Apoptosis is a particular process that leads to the programmed cell death. Bcl₂ is a novel proto-oncogene that inhibits apoptosis rather than promoting proliferation [23,24]. The physiologic role of Bcl₂ protein is to prevent or delay programmed cell death during proliferation. The distribution of the Bcl₂ in normal photo exposed skin suggests that expression is limited exclusively to the basal cell layer which has been committed to the formation of the epidermis and adnexal structures. Investigation of Bcl₂ expression revealed that it is not strictly correlated with proliferative rate of keratinocyte but more closely correlates with the differentiation status of the cell. So, immunoreactivity is not found in suprabasal and upper layers of epidermis [25].

In the current study, we evaluated the possible antiproliferative and apoptotic effects of GA and mix of TCA and GA peeling. Bcl₂ protein expression in the keratinocytes was decreased after treatment by GA alone in actinic keratosis and solar lentigines. But with no decrease of Bcl₂ expression in cases of seborrheic keratosis while Mix TCA and GA peeling decrease the expression of Bcl₂ in the keratinocytes in all three diseases.

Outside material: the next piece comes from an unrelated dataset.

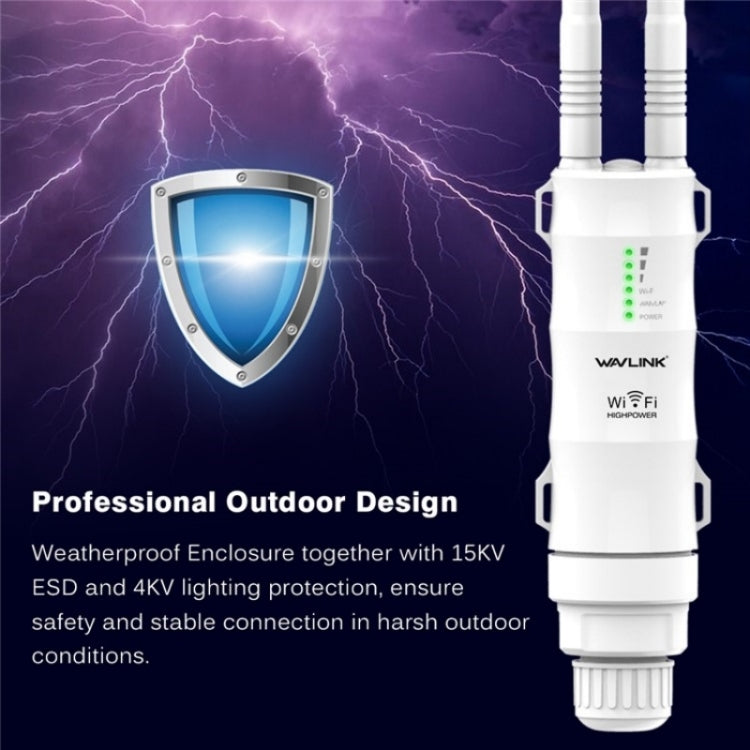 WAVLINK WN570HN2 With PoE Powered WAN/ AP / Repeater Mode 300Mbps Outdoor Router, US Plug, UK Plug, EU Plug, AU Plug – Data Transmission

So we suppose that GA and mix peeling had antiproliferative and apoptotic effect (decrease Bcl₂ expression), But in GA treated seborrheic keratosis there was no clinical improvement or decrease in expression of Bcl₂. So it may be a correlation between clinical improvement and decrease expression of Bcl₂. These findings denoting a possible apoptotic effect of TCA peeling.

Our results were supported by Abdel-Daim et al. [26] who stated that repetitive chemical peeling using 35% glycolic acid enhance apoptosis which in turn remove photodamaged keratinocytes.

Hsiao et al. [5] demonstrated that GA has antiproliferative effect. GA induced apoptosis are established through multiple molecular pathways including caspase-dependent and caspase-independent pathways. Also Rendl et al. [27] found that topical GA increased the number of apoptotic cells and increased secretion of vascular endothelial growth factor in human epidermal equivalents.

In summary, both glycolic and TCA chemical peels are safe and well-tolerated procedures. Some patients experienced mild adverse events that were well tolerated. Focal mix peeling was more effective in treatment of seborrheic keratosis, actinic keratosis clinically and histopathologically while there is no clinical improvement in cases of solar lentigines.